Activity: Every line in the records below between the one holding "Hotel&Hostal Trinidad, hotel in La Ceiba" and the one holding "7701 Huntsman Boulevard", inclusive, is to be set down exactly; all other lines are to be left out.

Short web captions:
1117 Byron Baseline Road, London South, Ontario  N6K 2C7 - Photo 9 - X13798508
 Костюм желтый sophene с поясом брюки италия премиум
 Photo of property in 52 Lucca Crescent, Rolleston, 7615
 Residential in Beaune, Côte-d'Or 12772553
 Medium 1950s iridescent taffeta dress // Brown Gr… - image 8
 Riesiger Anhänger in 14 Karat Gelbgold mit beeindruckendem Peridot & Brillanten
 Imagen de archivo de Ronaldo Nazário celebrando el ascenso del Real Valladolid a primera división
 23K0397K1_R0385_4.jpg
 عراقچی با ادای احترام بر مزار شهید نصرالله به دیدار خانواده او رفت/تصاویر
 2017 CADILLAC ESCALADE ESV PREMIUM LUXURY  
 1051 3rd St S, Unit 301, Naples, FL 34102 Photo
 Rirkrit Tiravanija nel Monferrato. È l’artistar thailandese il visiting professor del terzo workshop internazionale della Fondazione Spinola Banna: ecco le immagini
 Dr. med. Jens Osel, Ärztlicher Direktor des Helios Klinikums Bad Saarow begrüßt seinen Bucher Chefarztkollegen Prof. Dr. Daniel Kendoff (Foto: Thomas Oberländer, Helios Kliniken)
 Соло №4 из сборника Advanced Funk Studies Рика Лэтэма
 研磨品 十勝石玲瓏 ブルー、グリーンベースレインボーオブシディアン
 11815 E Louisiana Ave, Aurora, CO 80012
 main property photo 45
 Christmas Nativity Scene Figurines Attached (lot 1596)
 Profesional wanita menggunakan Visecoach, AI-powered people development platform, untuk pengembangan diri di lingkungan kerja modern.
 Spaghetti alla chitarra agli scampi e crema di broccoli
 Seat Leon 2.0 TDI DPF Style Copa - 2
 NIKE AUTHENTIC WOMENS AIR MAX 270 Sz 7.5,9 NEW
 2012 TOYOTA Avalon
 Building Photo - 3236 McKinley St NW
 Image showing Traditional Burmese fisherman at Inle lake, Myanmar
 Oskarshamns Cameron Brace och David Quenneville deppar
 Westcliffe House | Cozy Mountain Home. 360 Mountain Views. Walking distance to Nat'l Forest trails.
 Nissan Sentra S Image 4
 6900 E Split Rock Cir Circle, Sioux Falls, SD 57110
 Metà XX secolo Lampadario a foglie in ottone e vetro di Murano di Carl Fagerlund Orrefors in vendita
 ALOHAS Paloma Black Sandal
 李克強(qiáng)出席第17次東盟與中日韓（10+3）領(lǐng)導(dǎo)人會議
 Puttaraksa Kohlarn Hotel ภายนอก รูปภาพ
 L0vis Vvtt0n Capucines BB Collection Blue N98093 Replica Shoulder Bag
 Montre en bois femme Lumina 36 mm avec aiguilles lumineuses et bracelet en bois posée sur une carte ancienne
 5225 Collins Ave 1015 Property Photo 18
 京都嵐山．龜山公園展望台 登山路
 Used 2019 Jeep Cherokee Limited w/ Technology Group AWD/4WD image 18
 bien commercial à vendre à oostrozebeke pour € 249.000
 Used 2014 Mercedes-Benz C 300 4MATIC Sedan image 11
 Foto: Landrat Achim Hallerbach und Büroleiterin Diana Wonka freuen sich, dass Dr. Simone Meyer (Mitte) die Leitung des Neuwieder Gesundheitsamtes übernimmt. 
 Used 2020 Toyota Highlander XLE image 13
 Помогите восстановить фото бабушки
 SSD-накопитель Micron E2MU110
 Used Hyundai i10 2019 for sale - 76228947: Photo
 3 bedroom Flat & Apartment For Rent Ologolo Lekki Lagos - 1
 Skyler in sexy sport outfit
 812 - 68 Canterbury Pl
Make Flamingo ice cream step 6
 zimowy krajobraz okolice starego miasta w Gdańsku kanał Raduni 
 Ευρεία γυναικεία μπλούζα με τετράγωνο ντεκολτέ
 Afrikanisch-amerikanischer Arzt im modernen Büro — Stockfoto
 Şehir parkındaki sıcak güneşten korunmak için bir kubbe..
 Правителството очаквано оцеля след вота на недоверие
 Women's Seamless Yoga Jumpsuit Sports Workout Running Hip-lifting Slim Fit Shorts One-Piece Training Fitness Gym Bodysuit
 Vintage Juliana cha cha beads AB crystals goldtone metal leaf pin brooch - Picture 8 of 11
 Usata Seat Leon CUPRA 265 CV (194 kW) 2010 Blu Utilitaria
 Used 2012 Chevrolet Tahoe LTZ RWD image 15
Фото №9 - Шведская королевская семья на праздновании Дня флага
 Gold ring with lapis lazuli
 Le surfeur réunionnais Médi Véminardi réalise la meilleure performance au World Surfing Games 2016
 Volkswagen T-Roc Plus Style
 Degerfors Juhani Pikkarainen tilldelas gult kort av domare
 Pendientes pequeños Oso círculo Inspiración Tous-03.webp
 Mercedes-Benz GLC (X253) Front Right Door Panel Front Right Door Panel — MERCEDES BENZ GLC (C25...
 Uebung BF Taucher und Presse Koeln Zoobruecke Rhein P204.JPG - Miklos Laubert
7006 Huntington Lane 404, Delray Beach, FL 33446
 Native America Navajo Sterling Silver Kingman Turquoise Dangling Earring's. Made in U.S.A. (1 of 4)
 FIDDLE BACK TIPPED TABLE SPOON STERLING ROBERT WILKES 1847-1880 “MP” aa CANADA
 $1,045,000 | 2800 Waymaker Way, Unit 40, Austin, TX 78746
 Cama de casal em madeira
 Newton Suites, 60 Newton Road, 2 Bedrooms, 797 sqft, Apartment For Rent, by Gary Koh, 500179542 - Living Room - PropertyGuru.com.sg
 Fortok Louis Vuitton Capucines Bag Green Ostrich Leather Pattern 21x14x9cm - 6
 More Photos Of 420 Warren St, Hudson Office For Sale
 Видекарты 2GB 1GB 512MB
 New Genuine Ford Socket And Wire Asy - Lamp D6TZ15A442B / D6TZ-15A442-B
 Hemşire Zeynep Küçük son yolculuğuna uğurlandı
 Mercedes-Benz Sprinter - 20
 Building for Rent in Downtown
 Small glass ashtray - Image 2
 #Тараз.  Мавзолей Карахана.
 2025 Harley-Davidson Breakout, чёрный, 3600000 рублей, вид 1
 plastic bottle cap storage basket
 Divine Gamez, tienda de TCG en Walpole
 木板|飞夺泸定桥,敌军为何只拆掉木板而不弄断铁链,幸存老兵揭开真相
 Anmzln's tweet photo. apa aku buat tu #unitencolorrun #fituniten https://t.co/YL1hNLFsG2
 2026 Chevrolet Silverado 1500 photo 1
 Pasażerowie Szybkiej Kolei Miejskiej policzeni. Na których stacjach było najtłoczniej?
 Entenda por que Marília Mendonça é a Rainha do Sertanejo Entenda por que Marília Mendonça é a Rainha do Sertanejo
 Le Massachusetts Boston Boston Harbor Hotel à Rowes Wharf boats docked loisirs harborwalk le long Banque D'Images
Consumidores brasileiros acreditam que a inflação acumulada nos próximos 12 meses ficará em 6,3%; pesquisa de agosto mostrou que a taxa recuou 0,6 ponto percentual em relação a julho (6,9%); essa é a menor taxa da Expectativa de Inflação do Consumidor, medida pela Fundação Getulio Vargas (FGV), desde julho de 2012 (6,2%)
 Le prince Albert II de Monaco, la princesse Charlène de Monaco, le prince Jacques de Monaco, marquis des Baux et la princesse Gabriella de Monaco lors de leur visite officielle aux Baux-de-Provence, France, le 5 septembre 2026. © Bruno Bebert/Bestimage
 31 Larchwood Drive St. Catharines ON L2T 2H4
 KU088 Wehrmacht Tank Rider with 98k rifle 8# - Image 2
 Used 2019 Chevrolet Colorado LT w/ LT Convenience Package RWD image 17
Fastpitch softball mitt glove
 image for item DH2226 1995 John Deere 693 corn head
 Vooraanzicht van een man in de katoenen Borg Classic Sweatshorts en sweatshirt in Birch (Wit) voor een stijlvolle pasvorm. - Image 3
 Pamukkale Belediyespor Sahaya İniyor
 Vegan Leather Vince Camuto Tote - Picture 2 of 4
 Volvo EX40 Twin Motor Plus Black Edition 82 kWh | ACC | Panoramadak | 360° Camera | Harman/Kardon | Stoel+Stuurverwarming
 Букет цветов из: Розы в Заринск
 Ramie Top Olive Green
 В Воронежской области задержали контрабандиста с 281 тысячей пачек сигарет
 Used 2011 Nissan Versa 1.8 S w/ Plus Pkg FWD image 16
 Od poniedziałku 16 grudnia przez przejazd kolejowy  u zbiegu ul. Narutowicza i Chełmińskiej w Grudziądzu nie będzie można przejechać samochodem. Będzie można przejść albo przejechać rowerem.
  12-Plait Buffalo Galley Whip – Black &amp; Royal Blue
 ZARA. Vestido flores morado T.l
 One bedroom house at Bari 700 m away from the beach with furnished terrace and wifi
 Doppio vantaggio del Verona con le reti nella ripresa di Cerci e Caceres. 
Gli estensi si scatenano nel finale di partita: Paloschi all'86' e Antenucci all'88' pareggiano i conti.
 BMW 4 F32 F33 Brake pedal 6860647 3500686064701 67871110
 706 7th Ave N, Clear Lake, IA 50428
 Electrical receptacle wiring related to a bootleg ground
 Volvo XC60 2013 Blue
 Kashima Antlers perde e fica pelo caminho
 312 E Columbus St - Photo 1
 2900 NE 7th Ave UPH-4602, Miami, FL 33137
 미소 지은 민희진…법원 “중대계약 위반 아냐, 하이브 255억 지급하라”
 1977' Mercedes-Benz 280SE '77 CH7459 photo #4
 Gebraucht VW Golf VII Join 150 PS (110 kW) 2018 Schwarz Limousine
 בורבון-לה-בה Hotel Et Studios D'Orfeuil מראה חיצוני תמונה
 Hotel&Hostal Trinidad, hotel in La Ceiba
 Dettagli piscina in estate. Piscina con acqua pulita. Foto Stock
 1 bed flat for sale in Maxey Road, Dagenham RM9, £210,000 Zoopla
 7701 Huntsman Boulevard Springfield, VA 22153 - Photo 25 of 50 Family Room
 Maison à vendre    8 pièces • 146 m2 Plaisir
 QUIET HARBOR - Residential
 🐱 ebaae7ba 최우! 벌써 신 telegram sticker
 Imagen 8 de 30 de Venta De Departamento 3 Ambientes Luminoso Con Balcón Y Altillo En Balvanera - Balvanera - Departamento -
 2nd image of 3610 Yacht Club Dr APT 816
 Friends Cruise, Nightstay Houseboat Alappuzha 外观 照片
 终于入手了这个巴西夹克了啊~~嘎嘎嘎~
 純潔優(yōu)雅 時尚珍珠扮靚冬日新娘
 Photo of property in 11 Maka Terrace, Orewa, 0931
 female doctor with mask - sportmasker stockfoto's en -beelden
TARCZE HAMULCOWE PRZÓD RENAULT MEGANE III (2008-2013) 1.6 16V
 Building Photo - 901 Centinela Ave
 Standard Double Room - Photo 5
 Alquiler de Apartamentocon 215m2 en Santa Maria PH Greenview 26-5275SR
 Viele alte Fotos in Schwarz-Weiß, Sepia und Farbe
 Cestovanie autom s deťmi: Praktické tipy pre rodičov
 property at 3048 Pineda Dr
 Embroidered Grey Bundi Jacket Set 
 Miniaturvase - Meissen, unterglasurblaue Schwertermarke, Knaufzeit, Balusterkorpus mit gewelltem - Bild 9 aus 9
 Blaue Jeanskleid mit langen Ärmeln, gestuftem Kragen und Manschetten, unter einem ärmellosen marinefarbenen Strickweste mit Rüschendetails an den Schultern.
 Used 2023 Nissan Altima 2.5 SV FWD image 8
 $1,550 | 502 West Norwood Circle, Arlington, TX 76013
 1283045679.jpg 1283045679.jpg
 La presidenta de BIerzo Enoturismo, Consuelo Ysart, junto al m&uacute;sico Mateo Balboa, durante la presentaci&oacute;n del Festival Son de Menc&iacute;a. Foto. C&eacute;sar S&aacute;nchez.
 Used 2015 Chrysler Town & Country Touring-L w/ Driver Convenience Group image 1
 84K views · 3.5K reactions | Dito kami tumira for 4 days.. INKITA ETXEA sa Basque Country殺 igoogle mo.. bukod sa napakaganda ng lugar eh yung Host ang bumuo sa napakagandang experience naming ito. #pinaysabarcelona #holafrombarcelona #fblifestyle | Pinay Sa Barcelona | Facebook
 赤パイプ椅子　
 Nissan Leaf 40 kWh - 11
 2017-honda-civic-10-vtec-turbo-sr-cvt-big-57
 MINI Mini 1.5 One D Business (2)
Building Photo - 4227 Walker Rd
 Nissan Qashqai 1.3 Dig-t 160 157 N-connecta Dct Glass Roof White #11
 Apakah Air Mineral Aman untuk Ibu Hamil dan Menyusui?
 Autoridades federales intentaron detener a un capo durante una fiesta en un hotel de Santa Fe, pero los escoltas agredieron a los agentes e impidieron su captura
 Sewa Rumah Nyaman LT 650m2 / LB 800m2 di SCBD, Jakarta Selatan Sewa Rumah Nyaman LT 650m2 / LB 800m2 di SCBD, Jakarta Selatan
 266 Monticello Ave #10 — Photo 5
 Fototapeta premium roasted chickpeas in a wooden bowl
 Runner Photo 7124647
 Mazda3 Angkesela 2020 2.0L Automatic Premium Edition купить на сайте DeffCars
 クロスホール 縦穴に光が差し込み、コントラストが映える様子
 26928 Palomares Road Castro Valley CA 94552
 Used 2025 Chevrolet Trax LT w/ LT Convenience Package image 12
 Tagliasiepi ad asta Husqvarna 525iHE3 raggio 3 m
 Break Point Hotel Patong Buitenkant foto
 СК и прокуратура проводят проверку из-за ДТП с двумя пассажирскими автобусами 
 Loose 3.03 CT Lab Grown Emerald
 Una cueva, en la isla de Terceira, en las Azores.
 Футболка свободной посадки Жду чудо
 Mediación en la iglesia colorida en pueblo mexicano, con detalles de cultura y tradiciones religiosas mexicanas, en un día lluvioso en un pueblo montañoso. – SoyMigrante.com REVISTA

Answer below:
 Hotel&Hostal Trinidad, hotel in La Ceiba
 Dettagli piscina in estate. Piscina con acqua pulita. Foto Stock
 1 bed flat for sale in Maxey Road, Dagenham RM9, £210,000 Zoopla
 7701 Huntsman Boulevard Springfield, VA 22153 - Photo 25 of 50 Family Room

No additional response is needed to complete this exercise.